Inferring </p> tags would be is easy. Well... at least the SGML standard says
how to do it in a way that's consistent with current practice in HTML.
It's the start tags (<p>) that cause trouble.
>When we get to a point where we support stylesheets (PLEASE!) it is of
>extreme importance to consider <p></p> a container. Without this, it is
>not possible to assign stylistic attributes to a contained element.
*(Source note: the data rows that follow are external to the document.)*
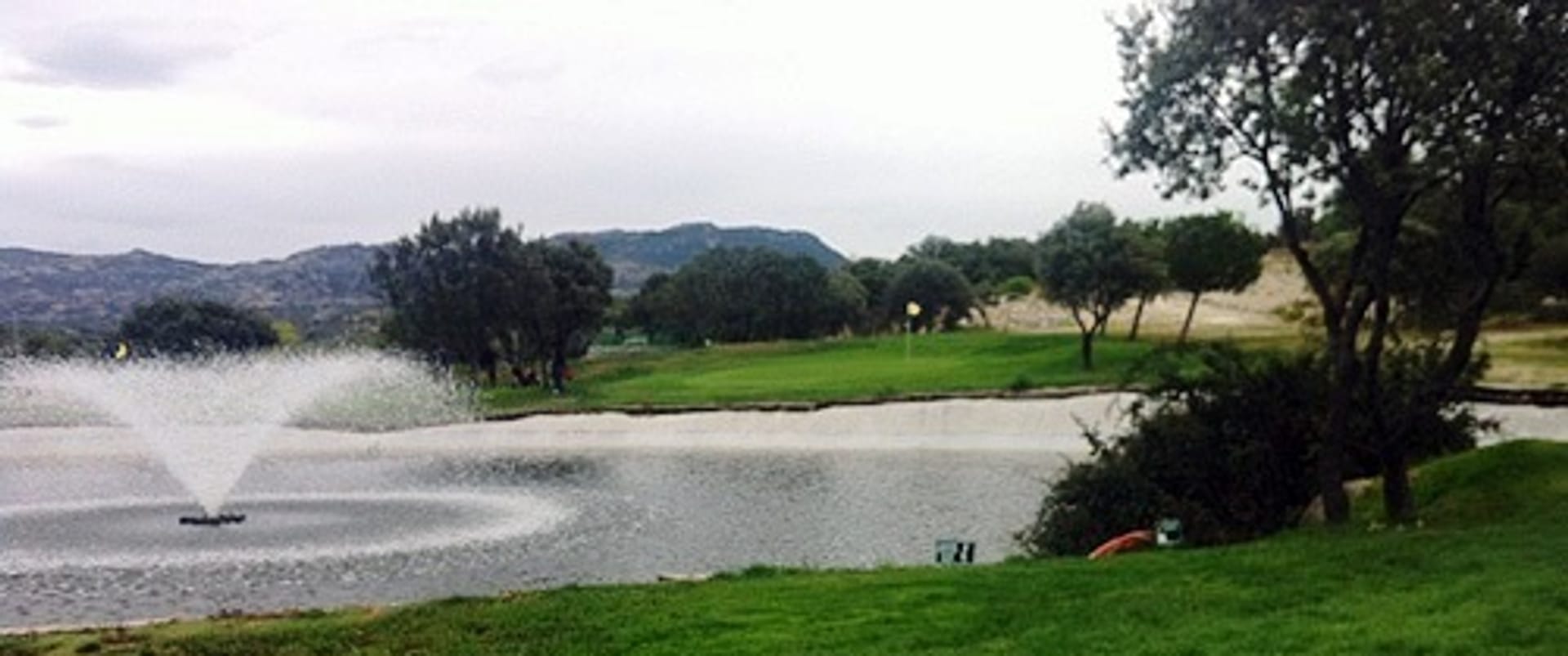 Green Paddock Golf
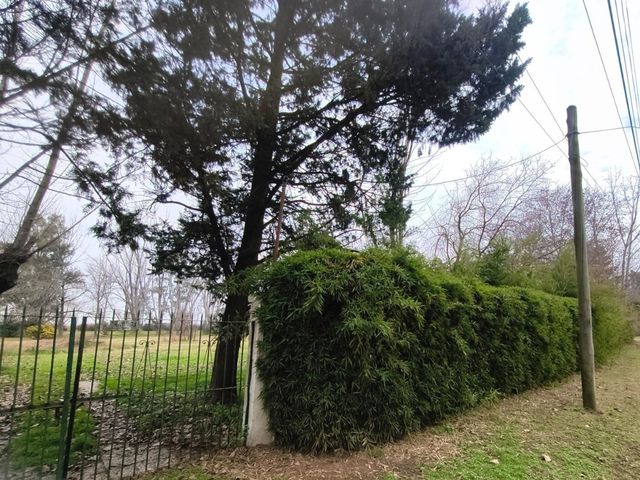 place photo 13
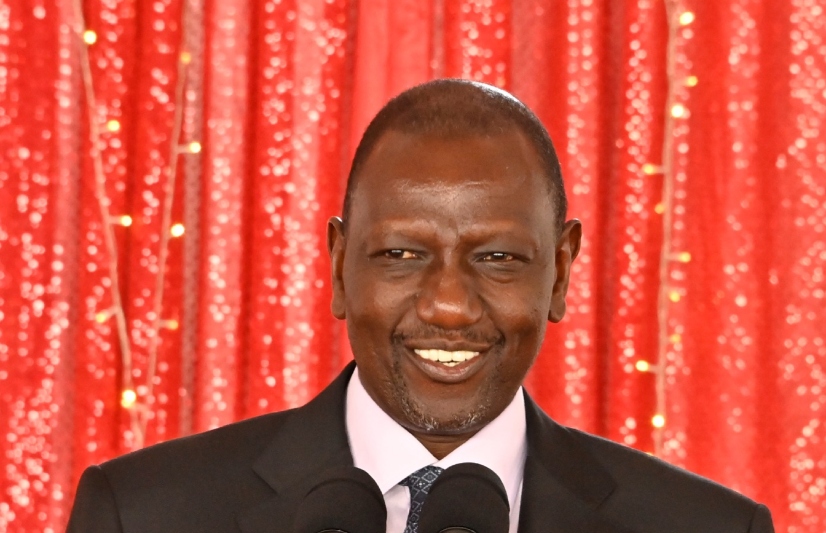 Ruto charms investors at The Hague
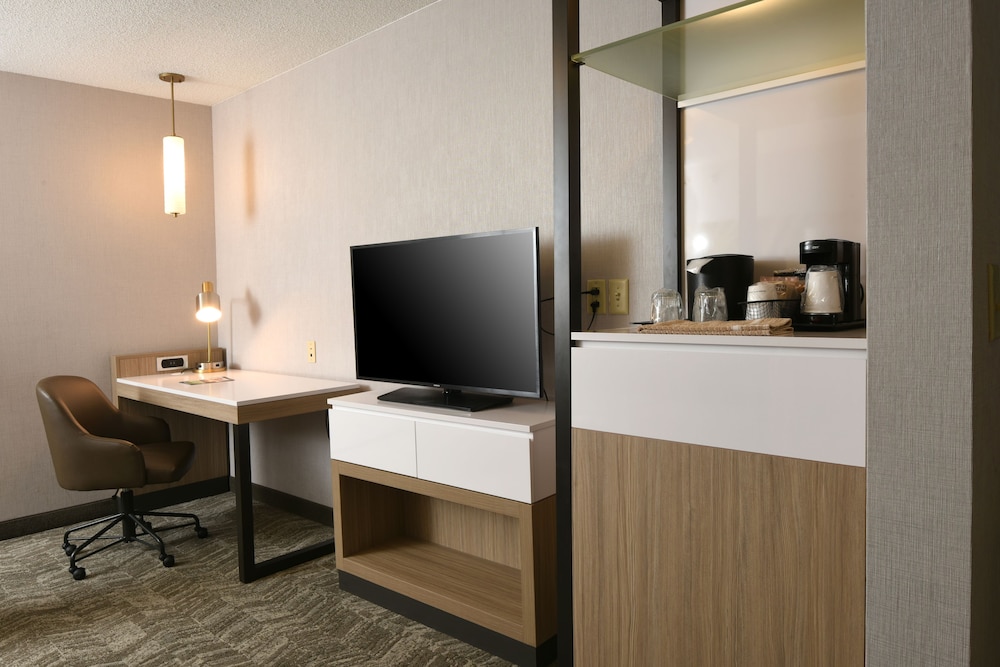 SpringHill Suites Des Moines West - photo 12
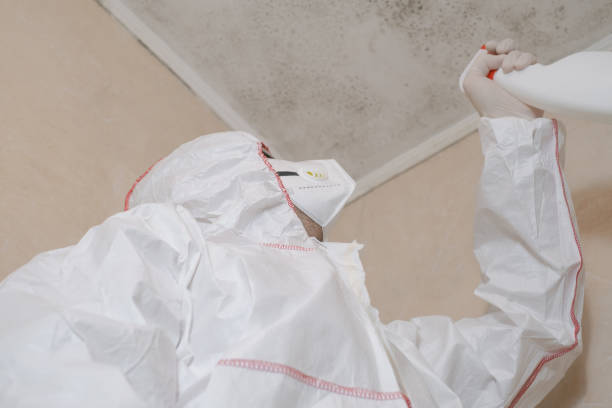 Best Fast Mold Removal  in Seat Pleasant, MD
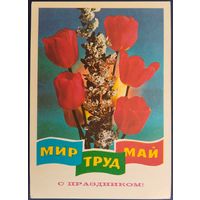 С праздником! Мир,труд,май. Чистая. Худ.Г.Ренков. 1977 г.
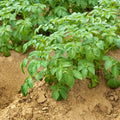 Seed Potatoes for Planting Outdoors, Mixed Red Yellow Purple Inside, 2 Pound Heirloom Potatoes Easy to Plant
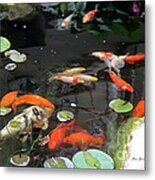 Koi Pond #1 Metal Print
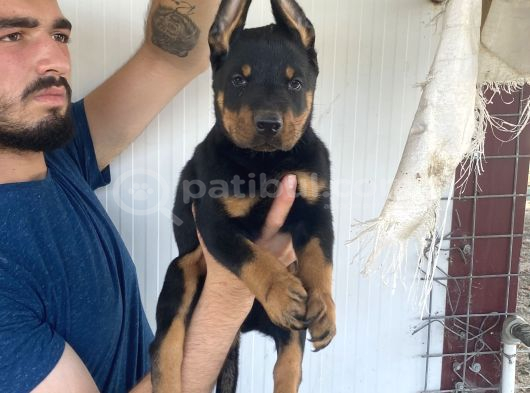 Üst Kali̇te Doberman Yavrularimiz görsel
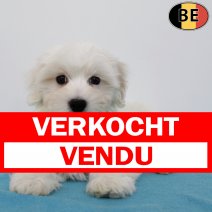 Maltezer 230525 M(BE7036) 030825 verkocht - vendu.jpg
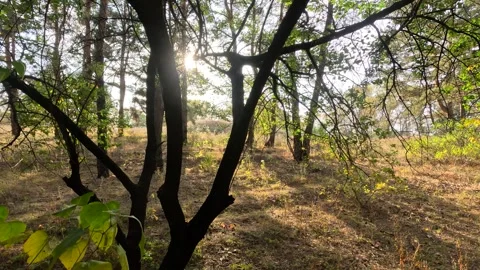 Autumn forest at sunset. walk through the autumn forest. beautiful evening .. Stock Footage 252295287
Counter-argument: The MidasWWW browser had a really nifty stylesheet-based
hypertext widget set, and it grokked empty P elements just fine. Something
like:
*HTML*BODY.font: ...
*HTML*BODY*P.breakBefore: True
*HTML*BODY*P.breakAfter: True
>Current practice suggests that <p> is not a container at all, it is a
>logical break -- or it is considered as a container with no contents. This
>is the behavior of available browsers, as I understand them.
Agreed.
>---------------------Example---------------------
><body>
>This is text with no container. (1)
><p>
>Perhaps this is text in a <p> container. (2)
><p>
>Hmmm... no </p> associated with the previous <p>! Do we assume that there
>was to be one, or do we treat <p> as a break? (3)
></body>
>-------------------------------------------------
>
>The principles behind SGML -- and by its lineage, HTML -- are to markup
>the structure of the document.
>In the previous example, what is the text associated with (1)? It is
><body> text or <p> text?
It is straightforward to construct DTD's where (1) is content of
the BODY element. The draft-iiir-html-01 version of the html DTD
did this. My recent html version 1.7.2.4 also does this.
I think it is impossible to construct a DTD where (1) is the
content of a P element without doing stuff like "The first
element of a BODY element must be a P."
> And if we build stylesheets which allow logical
>elements within the document to have their own stylistic "hints", which do
>we apply to (1)?
Body.
The declarations
<!ELEMENT BODY O O (#PCDATA|P|OL|UL|DL|H1...)>
<!ELEMENT P - O EMPTY>
are consistent with current practice.
I have considerable evidence to back that claim.
Parsing extant documents relative to delcarations like
<!ELEMENT BODY O O (P|UL|OL|...) -- no #PCDATA -->
<!ELEMENT P - O (%htext)+>
results in errors.
If there is sufficient motivation to change all the documents out
there to move #PCDATA out of BODY and into a subordinate paragraph
element (which I agree is a good idea), why not call give that
element a new name like PP while we're at it?
Dan